Output every line below exactly, please, omitting pictures.

_Collected material_.
▼▼▼
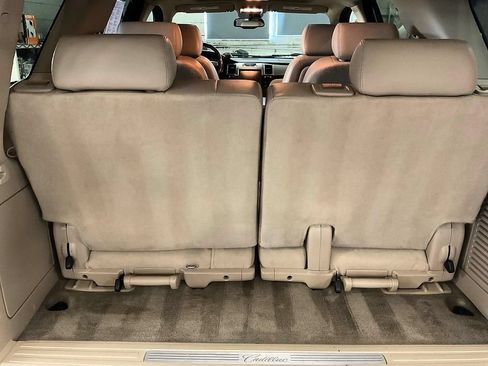 Used 2009 Cadillac Escalade AWD image 14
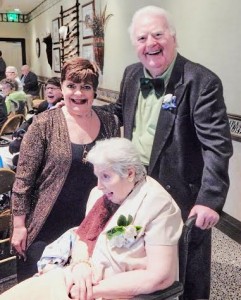 Beloved torch singer, Billie Thatcher, greeted John and Arline Murphy at the Day Break Club.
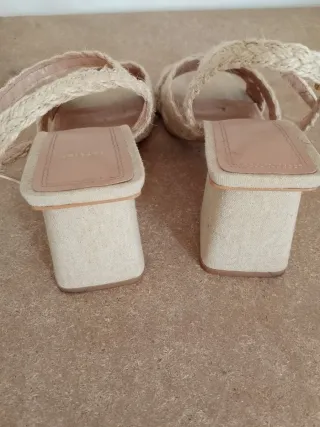 Sandalias de tacón cuadrado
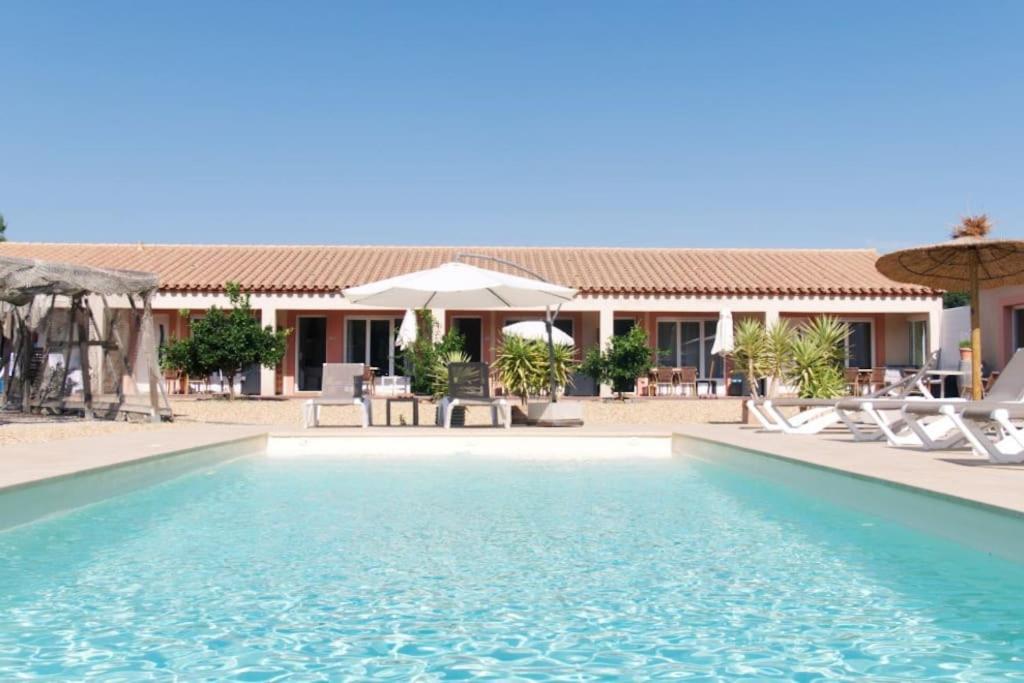 Perpignan dans OLIVERAIE très beau gîte 11 pers - Chambres d’hôtes Perpignan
▲▲▲
_Answer below_.
 Used 2009 Cadillac Escalade AWD image 14
 Beloved torch singer, Billie Thatcher, greeted John and Arline Murphy at the Day Break Club.
 Sandalias de tacón cuadrado
 Perpignan dans OLIVERAIE très beau gîte 11 pers - Chambres d’hôtes Perpignan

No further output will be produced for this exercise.